** SOURCE MATERIAL follows **
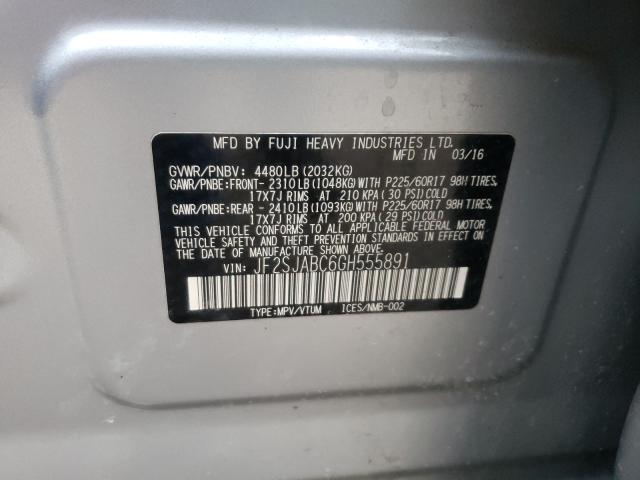 2016 SUBARU FORESTER 2 JF2SJABC6GH555891
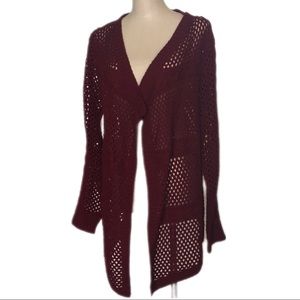 Charlotte Russe Burgundy Knitted Cardigan Sz L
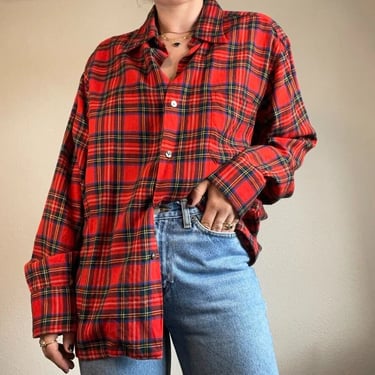 Vintage Escape From the Ordinary Norm Thompson Woven in Scotland Plaid Flannel Button Down Shirt XL 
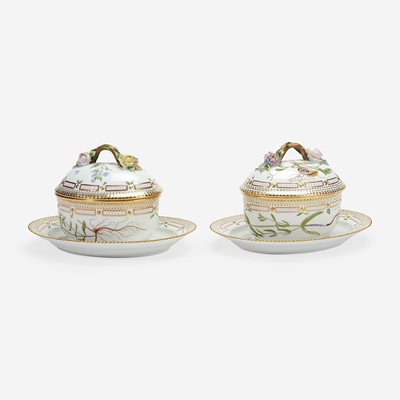 Lot 166 - A Pair of Flora Danica Porcelain Small Tureens and Covers and Underplates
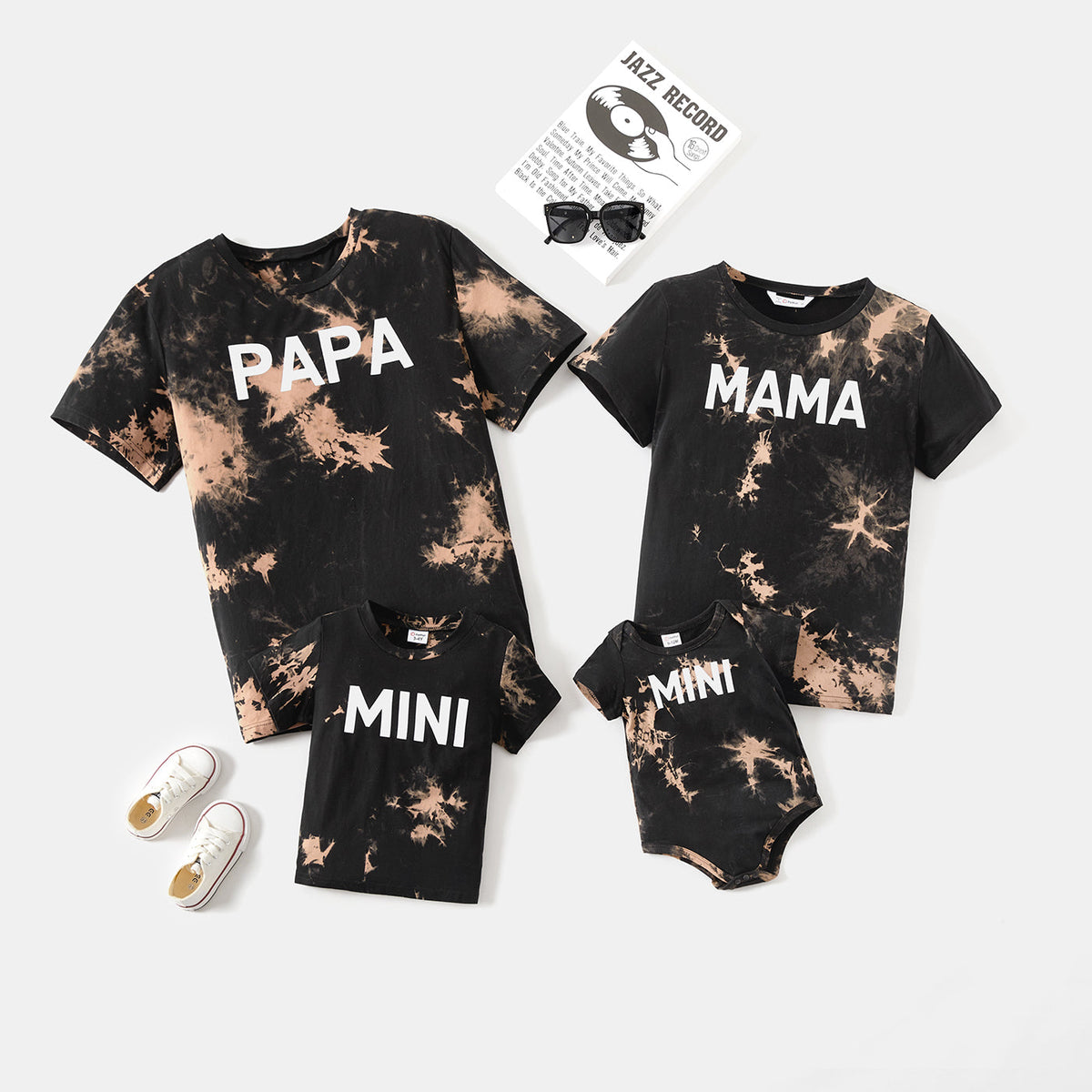 100% Cotton Short-sleeve Tie Dye Letter Print T-shirts for Mom and Me - Black, S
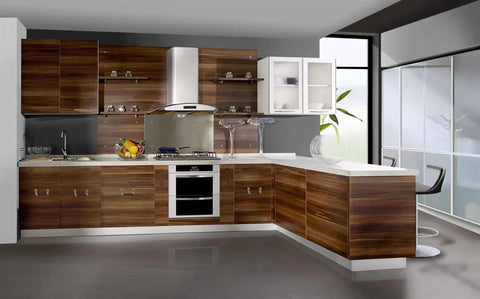 Modern kitchen with 304 Stainless Steel Foldable Cabinet And Drawer Pull Handles With Rubber Grip installed on wooden cabinets.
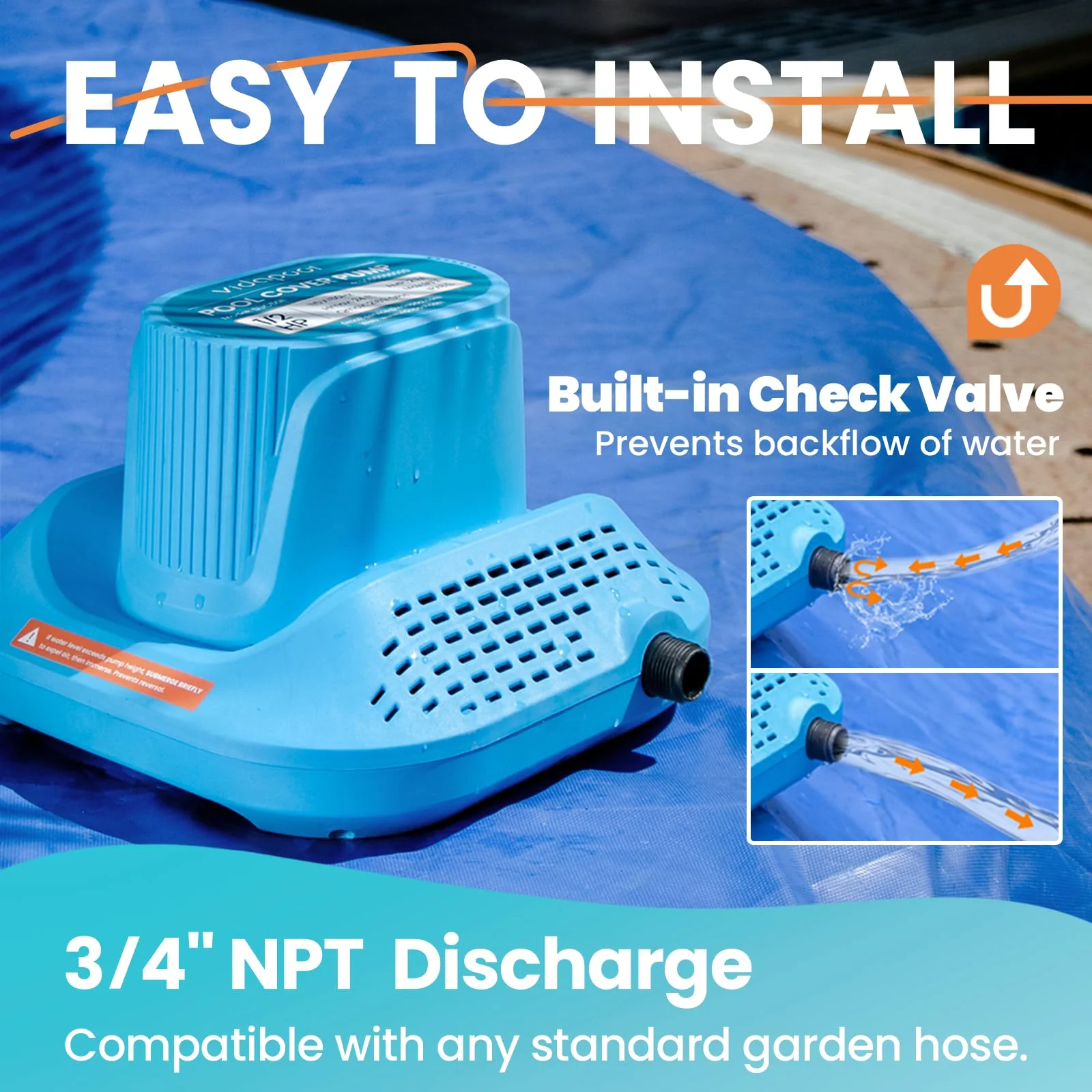 Vidapool 1/2 HP Pool Cover Pump Automatic On Off, Submersible Sump Pump Inground/Above Ground, 2169 GPH Water Removal Pump with 25 Feet Power Cord for Swimming Pool, Pond, Basement, Window Well - Image 4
** End of SOURCE MATERIAL **
TASK OBJECTIVE:
Only the lines from where the data begins to the line with "100% Cotton Short-sleeve", both of them included, should be reproduced word for word; no pictures.

RESULT FOR THIS EXERCISE:
 2016 SUBARU FORESTER 2 JF2SJABC6GH555891
 Charlotte Russe Burgundy Knitted Cardigan Sz L
 Vintage Escape From the Ordinary Norm Thompson Woven in Scotland Plaid Flannel Button Down Shirt XL 
 Lot 166 - A Pair of Flora Danica Porcelain Small Tureens and Covers and Underplates
 100% Cotton Short-sleeve Tie Dye Letter Print T-shirts for Mom and Me - Black, S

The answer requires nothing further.